Please return each record below exactly, with nothing left out.
========
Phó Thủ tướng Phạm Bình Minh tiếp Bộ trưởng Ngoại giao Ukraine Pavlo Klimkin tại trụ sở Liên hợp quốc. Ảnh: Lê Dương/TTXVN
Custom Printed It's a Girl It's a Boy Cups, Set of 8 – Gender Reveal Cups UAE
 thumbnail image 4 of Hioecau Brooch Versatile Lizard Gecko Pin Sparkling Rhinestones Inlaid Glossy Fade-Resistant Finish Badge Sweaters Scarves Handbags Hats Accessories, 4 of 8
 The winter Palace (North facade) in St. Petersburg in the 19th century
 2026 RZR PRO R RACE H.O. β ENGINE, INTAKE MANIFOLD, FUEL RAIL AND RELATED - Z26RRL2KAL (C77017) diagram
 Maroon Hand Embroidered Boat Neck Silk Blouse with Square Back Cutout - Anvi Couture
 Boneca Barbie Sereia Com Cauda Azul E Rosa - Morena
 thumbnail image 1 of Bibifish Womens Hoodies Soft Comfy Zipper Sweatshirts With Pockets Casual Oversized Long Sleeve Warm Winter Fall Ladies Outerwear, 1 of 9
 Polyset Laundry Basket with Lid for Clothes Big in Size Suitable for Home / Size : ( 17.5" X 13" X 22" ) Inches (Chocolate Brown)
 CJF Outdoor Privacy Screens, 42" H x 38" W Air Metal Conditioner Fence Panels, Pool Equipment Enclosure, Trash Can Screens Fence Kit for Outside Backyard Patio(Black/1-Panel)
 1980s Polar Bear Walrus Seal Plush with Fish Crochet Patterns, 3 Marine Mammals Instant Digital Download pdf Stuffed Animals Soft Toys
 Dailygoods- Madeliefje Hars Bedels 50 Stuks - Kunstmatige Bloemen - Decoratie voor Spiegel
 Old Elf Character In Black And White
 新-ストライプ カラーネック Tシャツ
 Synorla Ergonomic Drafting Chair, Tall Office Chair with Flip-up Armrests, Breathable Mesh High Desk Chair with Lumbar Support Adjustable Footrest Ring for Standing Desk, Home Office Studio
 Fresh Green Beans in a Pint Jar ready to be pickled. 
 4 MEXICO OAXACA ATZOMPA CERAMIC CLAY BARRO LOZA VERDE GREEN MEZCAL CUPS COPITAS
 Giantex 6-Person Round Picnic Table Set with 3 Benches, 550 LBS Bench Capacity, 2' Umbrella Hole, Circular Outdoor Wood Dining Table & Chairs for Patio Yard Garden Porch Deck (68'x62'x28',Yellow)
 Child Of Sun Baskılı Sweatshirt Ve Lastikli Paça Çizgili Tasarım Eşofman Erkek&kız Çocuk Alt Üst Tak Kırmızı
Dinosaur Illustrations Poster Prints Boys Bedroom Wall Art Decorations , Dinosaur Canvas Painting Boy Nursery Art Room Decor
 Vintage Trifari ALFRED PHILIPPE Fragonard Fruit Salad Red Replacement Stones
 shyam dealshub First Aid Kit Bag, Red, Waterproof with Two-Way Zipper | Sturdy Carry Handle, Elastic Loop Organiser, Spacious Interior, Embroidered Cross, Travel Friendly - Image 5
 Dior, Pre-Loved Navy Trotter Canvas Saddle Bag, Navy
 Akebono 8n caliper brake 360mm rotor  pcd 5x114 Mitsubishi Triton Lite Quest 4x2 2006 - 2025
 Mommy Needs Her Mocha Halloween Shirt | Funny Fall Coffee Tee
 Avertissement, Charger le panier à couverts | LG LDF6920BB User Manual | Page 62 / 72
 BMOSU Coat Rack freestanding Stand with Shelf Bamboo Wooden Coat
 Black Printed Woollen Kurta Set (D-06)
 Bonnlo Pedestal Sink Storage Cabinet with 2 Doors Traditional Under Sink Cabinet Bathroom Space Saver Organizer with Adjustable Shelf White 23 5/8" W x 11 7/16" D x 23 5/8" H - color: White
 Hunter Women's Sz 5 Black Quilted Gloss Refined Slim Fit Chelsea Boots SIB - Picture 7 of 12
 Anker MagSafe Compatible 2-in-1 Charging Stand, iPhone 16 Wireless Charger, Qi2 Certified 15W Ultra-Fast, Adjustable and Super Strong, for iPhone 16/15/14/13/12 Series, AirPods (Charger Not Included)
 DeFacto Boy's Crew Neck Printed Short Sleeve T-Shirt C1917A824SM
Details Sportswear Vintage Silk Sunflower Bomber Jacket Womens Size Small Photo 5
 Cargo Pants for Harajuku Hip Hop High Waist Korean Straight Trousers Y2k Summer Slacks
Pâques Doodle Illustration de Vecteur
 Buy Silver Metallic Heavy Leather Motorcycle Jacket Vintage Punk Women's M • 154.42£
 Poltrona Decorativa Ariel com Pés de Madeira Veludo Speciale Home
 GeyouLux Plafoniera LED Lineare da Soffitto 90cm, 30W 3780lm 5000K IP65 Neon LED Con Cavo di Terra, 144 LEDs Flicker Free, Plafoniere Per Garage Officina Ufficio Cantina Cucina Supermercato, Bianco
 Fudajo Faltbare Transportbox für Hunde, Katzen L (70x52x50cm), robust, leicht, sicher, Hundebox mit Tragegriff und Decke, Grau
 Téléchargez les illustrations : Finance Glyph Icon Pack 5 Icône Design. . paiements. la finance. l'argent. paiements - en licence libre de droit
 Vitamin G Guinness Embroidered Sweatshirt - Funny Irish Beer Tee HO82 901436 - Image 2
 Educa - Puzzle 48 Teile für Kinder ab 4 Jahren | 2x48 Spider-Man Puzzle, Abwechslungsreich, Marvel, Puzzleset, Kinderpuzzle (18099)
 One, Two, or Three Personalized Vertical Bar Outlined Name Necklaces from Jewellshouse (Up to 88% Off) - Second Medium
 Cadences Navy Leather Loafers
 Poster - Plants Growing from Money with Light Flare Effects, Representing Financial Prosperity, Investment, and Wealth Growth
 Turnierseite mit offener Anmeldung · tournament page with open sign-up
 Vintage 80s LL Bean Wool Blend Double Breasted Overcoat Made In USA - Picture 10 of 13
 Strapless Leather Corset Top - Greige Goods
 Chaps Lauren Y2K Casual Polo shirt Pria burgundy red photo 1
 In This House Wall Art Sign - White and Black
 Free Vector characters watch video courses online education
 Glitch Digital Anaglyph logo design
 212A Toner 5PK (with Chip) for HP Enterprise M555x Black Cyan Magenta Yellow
========
*Answer area*.
Phó Thủ tướng Phạm Bình Minh tiếp Bộ trưởng Ngoại giao Ukraine Pavlo Klimkin tại trụ sở Liên hợp quốc. Ảnh: Lê Dương/TTXVN
Custom Printed It's a Girl It's a Boy Cups, Set of 8 – Gender Reveal Cups UAE
 thumbnail image 4 of Hioecau Brooch Versatile Lizard Gecko Pin Sparkling Rhinestones Inlaid Glossy Fade-Resistant Finish Badge Sweaters Scarves Handbags Hats Accessories, 4 of 8
 The winter Palace (North facade) in St. Petersburg in the 19th century
 2026 RZR PRO R RACE H.O. β ENGINE, INTAKE MANIFOLD, FUEL RAIL AND RELATED - Z26RRL2KAL (C77017) diagram
 Maroon Hand Embroidered Boat Neck Silk Blouse with Square Back Cutout - Anvi Couture
 Boneca Barbie Sereia Com Cauda Azul E Rosa - Morena
 thumbnail image 1 of Bibifish Womens Hoodies Soft Comfy Zipper Sweatshirts With Pockets Casual Oversized Long Sleeve Warm Winter Fall Ladies Outerwear, 1 of 9
 Polyset Laundry Basket with Lid for Clothes Big in Size Suitable for Home / Size : ( 17.5" X 13" X 22" ) Inches (Chocolate Brown)
 CJF Outdoor Privacy Screens, 42" H x 38" W Air Metal Conditioner Fence Panels, Pool Equipment Enclosure, Trash Can Screens Fence Kit for Outside Backyard Patio(Black/1-Panel)
 1980s Polar Bear Walrus Seal Plush with Fish Crochet Patterns, 3 Marine Mammals Instant Digital Download pdf Stuffed Animals Soft Toys
 Dailygoods- Madeliefje Hars Bedels 50 Stuks - Kunstmatige Bloemen - Decoratie voor Spiegel
 Old Elf Character In Black And White
 新-ストライプ カラーネック Tシャツ
 Synorla Ergonomic Drafting Chair, Tall Office Chair with Flip-up Armrests, Breathable Mesh High Desk Chair with Lumbar Support Adjustable Footrest Ring for Standing Desk, Home Office Studio
 Fresh Green Beans in a Pint Jar ready to be pickled. 
 4 MEXICO OAXACA ATZOMPA CERAMIC CLAY BARRO LOZA VERDE GREEN MEZCAL CUPS COPITAS
 Giantex 6-Person Round Picnic Table Set with 3 Benches, 550 LBS Bench Capacity, 2' Umbrella Hole, Circular Outdoor Wood Dining Table & Chairs for Patio Yard Garden Porch Deck (68'x62'x28',Yellow)
 Child Of Sun Baskılı Sweatshirt Ve Lastikli Paça Çizgili Tasarım Eşofman Erkek&kız Çocuk Alt Üst Tak Kırmızı
Dinosaur Illustrations Poster Prints Boys Bedroom Wall Art Decorations , Dinosaur Canvas Painting Boy Nursery Art Room Decor
 Vintage Trifari ALFRED PHILIPPE Fragonard Fruit Salad Red Replacement Stones
 shyam dealshub First Aid Kit Bag, Red, Waterproof with Two-Way Zipper | Sturdy Carry Handle, Elastic Loop Organiser, Spacious Interior, Embroidered Cross, Travel Friendly - Image 5
 Dior, Pre-Loved Navy Trotter Canvas Saddle Bag, Navy
 Akebono 8n caliper brake 360mm rotor  pcd 5x114 Mitsubishi Triton Lite Quest 4x2 2006 - 2025
 Mommy Needs Her Mocha Halloween Shirt | Funny Fall Coffee Tee
 Avertissement, Charger le panier à couverts | LG LDF6920BB User Manual | Page 62 / 72
 BMOSU Coat Rack freestanding Stand with Shelf Bamboo Wooden Coat
 Black Printed Woollen Kurta Set (D-06)
 Bonnlo Pedestal Sink Storage Cabinet with 2 Doors Traditional Under Sink Cabinet Bathroom Space Saver Organizer with Adjustable Shelf White 23 5/8" W x 11 7/16" D x 23 5/8" H - color: White
 Hunter Women's Sz 5 Black Quilted Gloss Refined Slim Fit Chelsea Boots SIB - Picture 7 of 12
 Anker MagSafe Compatible 2-in-1 Charging Stand, iPhone 16 Wireless Charger, Qi2 Certified 15W Ultra-Fast, Adjustable and Super Strong, for iPhone 16/15/14/13/12 Series, AirPods (Charger Not Included)
 DeFacto Boy's Crew Neck Printed Short Sleeve T-Shirt C1917A824SM
Details Sportswear Vintage Silk Sunflower Bomber Jacket Womens Size Small Photo 5
 Cargo Pants for Harajuku Hip Hop High Waist Korean Straight Trousers Y2k Summer Slacks
Pâques Doodle Illustration de Vecteur
 Buy Silver Metallic Heavy Leather Motorcycle Jacket Vintage Punk Women's M • 154.42£
 Poltrona Decorativa Ariel com Pés de Madeira Veludo Speciale Home
 GeyouLux Plafoniera LED Lineare da Soffitto 90cm, 30W 3780lm 5000K IP65 Neon LED Con Cavo di Terra, 144 LEDs Flicker Free, Plafoniere Per Garage Officina Ufficio Cantina Cucina Supermercato, Bianco
 Fudajo Faltbare Transportbox für Hunde, Katzen L (70x52x50cm), robust, leicht, sicher, Hundebox mit Tragegriff und Decke, Grau
 Téléchargez les illustrations : Finance Glyph Icon Pack 5 Icône Design. . paiements. la finance. l'argent. paiements - en licence libre de droit
 Vitamin G Guinness Embroidered Sweatshirt - Funny Irish Beer Tee HO82 901436 - Image 2
 Educa - Puzzle 48 Teile für Kinder ab 4 Jahren | 2x48 Spider-Man Puzzle, Abwechslungsreich, Marvel, Puzzleset, Kinderpuzzle (18099)
 One, Two, or Three Personalized Vertical Bar Outlined Name Necklaces from Jewellshouse (Up to 88% Off) - Second Medium
 Cadences Navy Leather Loafers
 Poster - Plants Growing from Money with Light Flare Effects, Representing Financial Prosperity, Investment, and Wealth Growth
 Turnierseite mit offener Anmeldung · tournament page with open sign-up
 Vintage 80s LL Bean Wool Blend Double Breasted Overcoat Made In USA - Picture 10 of 13
 Strapless Leather Corset Top - Greige Goods
 Chaps Lauren Y2K Casual Polo shirt Pria burgundy red photo 1
 In This House Wall Art Sign - White and Black
 Free Vector characters watch video courses online education
 Glitch Digital Anaglyph logo design
 212A Toner 5PK (with Chip) for HP Enterprise M555x Black Cyan Magenta Yellow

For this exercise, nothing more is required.